In the western world, pioneering work often took place earlier. Nobody looks up anymore from female truck drivers, nor from motorcyclists or pilots. A number of (still living) pioneers were born in the 1920s and 1930s. World War II drivers, for example. Yet female crane drivers or sea captains are still very thin on the ground. Outside the West, it often happens now: Iranian truck drivers, skateboarding girls in Cambodia, a pilot in Pakistan, 4x4-driving Bedouin in Oman, cycling girls in rural India, train drivers in Saudi Arabia, taxi scooter drivers in Bangladesh and Tanzania.
Move she does will be the platform for these pioneers, in photos, text, audio and short videos. The project targets the widest possible diversity of ages, cultures, classes, backgrounds and vehicles, and will take several years to develop that breadth broadly enough.

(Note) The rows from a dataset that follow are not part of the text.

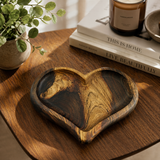 Wooden heart-shaped tray on a wooden surface with books and a plant in the background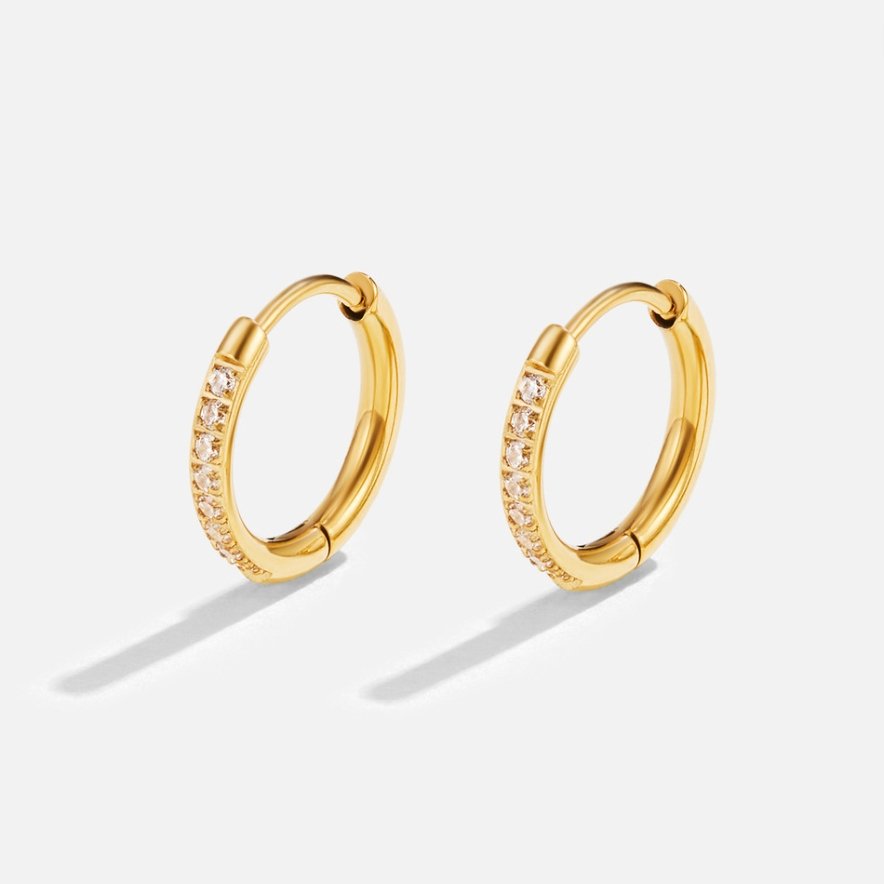 Eternity Hoop Earrings, a pair of gold hoops with small clear stones on white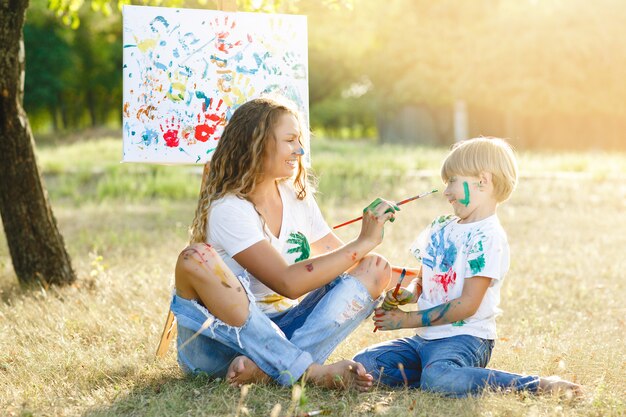 Joven madre y su hijo dibujando el uno al otro. Familia feliz al aire libre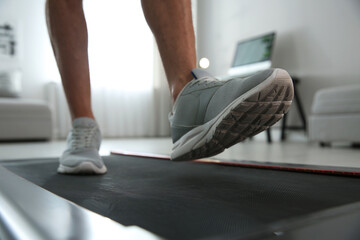 Sporty man training on walking treadmill at home, closeup © New Africa
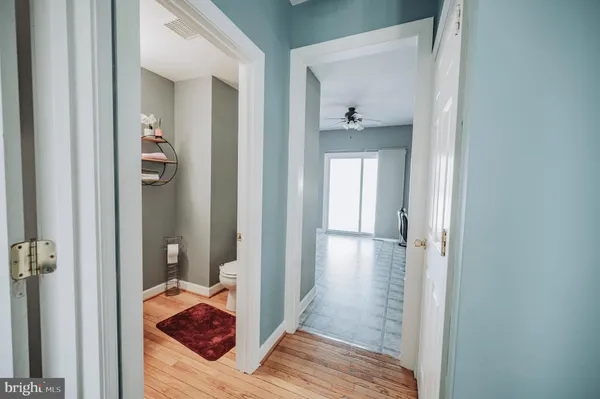 a view of a bedroom from a hallway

With this project, Trui Hanoulle aims to track down a series of untold stories, highlight the courage, strength and ongoing struggles of these often unsung heroines, keep their inspiration rolling on, locally and globally, and create more equality, justice, sisterhood, understanding and empathy.
Book
In September 2026, the project will become a book published by Borgerhoff & Lamberigts (in Dutch, my native language) as Baanbreeksters (final title still to be decided). Goal is to publish it also in German as Wegbereiterinnen, in Italian as Rompi-pista (still tossing with the title) and in English (with an Indian publisher) as Trailblazers. For French a good friend found this perfect title: Rebelles de la route.